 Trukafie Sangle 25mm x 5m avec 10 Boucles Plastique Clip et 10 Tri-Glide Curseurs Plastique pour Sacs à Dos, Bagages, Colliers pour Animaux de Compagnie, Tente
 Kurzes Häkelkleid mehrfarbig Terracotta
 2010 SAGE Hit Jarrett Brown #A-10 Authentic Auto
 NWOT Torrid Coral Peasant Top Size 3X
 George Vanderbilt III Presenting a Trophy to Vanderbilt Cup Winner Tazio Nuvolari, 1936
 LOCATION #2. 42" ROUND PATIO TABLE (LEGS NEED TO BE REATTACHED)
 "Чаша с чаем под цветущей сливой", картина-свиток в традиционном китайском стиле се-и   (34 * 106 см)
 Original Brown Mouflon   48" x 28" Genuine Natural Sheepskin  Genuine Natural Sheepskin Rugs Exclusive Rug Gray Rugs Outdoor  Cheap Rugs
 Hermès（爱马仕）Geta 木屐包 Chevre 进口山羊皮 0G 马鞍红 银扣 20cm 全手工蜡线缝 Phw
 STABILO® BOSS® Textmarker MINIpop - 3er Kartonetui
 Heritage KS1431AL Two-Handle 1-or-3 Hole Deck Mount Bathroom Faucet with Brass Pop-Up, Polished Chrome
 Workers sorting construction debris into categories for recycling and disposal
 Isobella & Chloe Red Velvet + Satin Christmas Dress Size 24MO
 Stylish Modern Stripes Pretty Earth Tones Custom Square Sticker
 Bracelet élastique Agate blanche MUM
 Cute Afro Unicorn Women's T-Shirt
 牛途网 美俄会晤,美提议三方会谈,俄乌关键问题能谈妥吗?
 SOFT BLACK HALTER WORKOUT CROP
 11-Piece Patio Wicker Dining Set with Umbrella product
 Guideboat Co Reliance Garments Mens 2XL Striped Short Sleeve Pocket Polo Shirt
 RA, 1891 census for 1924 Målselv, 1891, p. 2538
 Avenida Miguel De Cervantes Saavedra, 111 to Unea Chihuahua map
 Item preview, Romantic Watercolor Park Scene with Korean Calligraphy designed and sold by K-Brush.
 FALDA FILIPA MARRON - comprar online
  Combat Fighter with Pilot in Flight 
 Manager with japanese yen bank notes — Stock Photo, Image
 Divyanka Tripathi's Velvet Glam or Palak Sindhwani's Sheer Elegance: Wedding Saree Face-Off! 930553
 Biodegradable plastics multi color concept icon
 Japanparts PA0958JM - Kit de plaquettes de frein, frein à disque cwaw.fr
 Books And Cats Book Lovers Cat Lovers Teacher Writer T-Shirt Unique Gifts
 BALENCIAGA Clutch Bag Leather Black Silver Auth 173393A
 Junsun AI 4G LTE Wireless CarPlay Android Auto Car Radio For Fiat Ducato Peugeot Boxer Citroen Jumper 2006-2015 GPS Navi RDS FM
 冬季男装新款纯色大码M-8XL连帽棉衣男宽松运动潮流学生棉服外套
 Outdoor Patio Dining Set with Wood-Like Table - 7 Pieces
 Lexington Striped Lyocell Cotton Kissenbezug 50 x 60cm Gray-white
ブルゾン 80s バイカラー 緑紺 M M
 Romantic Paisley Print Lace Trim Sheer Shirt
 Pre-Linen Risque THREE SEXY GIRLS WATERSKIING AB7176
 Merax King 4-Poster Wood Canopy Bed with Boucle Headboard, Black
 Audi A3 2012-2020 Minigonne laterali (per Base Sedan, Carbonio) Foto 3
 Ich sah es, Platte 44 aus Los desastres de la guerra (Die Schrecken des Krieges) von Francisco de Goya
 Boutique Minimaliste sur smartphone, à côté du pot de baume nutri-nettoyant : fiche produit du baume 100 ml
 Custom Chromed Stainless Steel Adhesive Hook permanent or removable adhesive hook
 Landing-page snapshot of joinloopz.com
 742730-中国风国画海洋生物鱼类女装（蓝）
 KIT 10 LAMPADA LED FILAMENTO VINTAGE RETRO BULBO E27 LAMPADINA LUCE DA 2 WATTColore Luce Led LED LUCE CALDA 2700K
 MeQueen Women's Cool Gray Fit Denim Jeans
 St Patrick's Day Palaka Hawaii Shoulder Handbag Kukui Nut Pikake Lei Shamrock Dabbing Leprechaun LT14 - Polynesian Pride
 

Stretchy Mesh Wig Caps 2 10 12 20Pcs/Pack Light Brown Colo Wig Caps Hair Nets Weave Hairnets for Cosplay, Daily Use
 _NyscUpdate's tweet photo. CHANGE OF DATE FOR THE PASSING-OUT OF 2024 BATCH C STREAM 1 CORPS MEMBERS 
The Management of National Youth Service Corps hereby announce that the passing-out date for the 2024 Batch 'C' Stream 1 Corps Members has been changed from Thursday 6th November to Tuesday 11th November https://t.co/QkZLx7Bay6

● ● ●

TASK TO CARRY OUT:
Would it be possible to set down the full listing again, character for character?

ANSWER SECTION:
 Trukafie Sangle 25mm x 5m avec 10 Boucles Plastique Clip et 10 Tri-Glide Curseurs Plastique pour Sacs à Dos, Bagages, Colliers pour Animaux de Compagnie, Tente
 Kurzes Häkelkleid mehrfarbig Terracotta
 2010 SAGE Hit Jarrett Brown #A-10 Authentic Auto
 NWOT Torrid Coral Peasant Top Size 3X
 George Vanderbilt III Presenting a Trophy to Vanderbilt Cup Winner Tazio Nuvolari, 1936
 LOCATION #2. 42" ROUND PATIO TABLE (LEGS NEED TO BE REATTACHED)
 "Чаша с чаем под цветущей сливой", картина-свиток в традиционном китайском стиле се-и   (34 * 106 см)
 Original Brown Mouflon   48" x 28" Genuine Natural Sheepskin  Genuine Natural Sheepskin Rugs Exclusive Rug Gray Rugs Outdoor  Cheap Rugs
 Hermès（爱马仕）Geta 木屐包 Chevre 进口山羊皮 0G 马鞍红 银扣 20cm 全手工蜡线缝 Phw
 STABILO® BOSS® Textmarker MINIpop - 3er Kartonetui
 Heritage KS1431AL Two-Handle 1-or-3 Hole Deck Mount Bathroom Faucet with Brass Pop-Up, Polished Chrome
 Workers sorting construction debris into categories for recycling and disposal
 Isobella & Chloe Red Velvet + Satin Christmas Dress Size 24MO
 Stylish Modern Stripes Pretty Earth Tones Custom Square Sticker
 Bracelet élastique Agate blanche MUM
 Cute Afro Unicorn Women's T-Shirt
 牛途网 美俄会晤,美提议三方会谈,俄乌关键问题能谈妥吗?
 SOFT BLACK HALTER WORKOUT CROP
 11-Piece Patio Wicker Dining Set with Umbrella product
 Guideboat Co Reliance Garments Mens 2XL Striped Short Sleeve Pocket Polo Shirt
 RA, 1891 census for 1924 Målselv, 1891, p. 2538
 Avenida Miguel De Cervantes Saavedra, 111 to Unea Chihuahua map
 Item preview, Romantic Watercolor Park Scene with Korean Calligraphy designed and sold by K-Brush.
 FALDA FILIPA MARRON - comprar online
  Combat Fighter with Pilot in Flight 
 Manager with japanese yen bank notes — Stock Photo, Image
 Divyanka Tripathi's Velvet Glam or Palak Sindhwani's Sheer Elegance: Wedding Saree Face-Off! 930553
 Biodegradable plastics multi color concept icon
 Japanparts PA0958JM - Kit de plaquettes de frein, frein à disque cwaw.fr
 Books And Cats Book Lovers Cat Lovers Teacher Writer T-Shirt Unique Gifts
 BALENCIAGA Clutch Bag Leather Black Silver Auth 173393A
 Junsun AI 4G LTE Wireless CarPlay Android Auto Car Radio For Fiat Ducato Peugeot Boxer Citroen Jumper 2006-2015 GPS Navi RDS FM
 冬季男装新款纯色大码M-8XL连帽棉衣男宽松运动潮流学生棉服外套
 Outdoor Patio Dining Set with Wood-Like Table - 7 Pieces
 Lexington Striped Lyocell Cotton Kissenbezug 50 x 60cm Gray-white
ブルゾン 80s バイカラー 緑紺 M M
 Romantic Paisley Print Lace Trim Sheer Shirt
 Pre-Linen Risque THREE SEXY GIRLS WATERSKIING AB7176
 Merax King 4-Poster Wood Canopy Bed with Boucle Headboard, Black
 Audi A3 2012-2020 Minigonne laterali (per Base Sedan, Carbonio) Foto 3
 Ich sah es, Platte 44 aus Los desastres de la guerra (Die Schrecken des Krieges) von Francisco de Goya
 Boutique Minimaliste sur smartphone, à côté du pot de baume nutri-nettoyant : fiche produit du baume 100 ml
 Custom Chromed Stainless Steel Adhesive Hook permanent or removable adhesive hook
 Landing-page snapshot of joinloopz.com
 742730-中国风国画海洋生物鱼类女装（蓝）
 KIT 10 LAMPADA LED FILAMENTO VINTAGE RETRO BULBO E27 LAMPADINA LUCE DA 2 WATTColore Luce Led LED LUCE CALDA 2700K
 MeQueen Women's Cool Gray Fit Denim Jeans
 St Patrick's Day Palaka Hawaii Shoulder Handbag Kukui Nut Pikake Lei Shamrock Dabbing Leprechaun LT14 - Polynesian Pride
 

Stretchy Mesh Wig Caps 2 10 12 20Pcs/Pack Light Brown Colo Wig Caps Hair Nets Weave Hairnets for Cosplay, Daily Use
 _NyscUpdate's tweet photo. CHANGE OF DATE FOR THE PASSING-OUT OF 2024 BATCH C STREAM 1 CORPS MEMBERS 
The Management of National Youth Service Corps hereby announce that the passing-out date for the 2024 Batch 'C' Stream 1 Corps Members has been changed from Thursday 6th November to Tuesday 11th November https://t.co/QkZLx7Bay6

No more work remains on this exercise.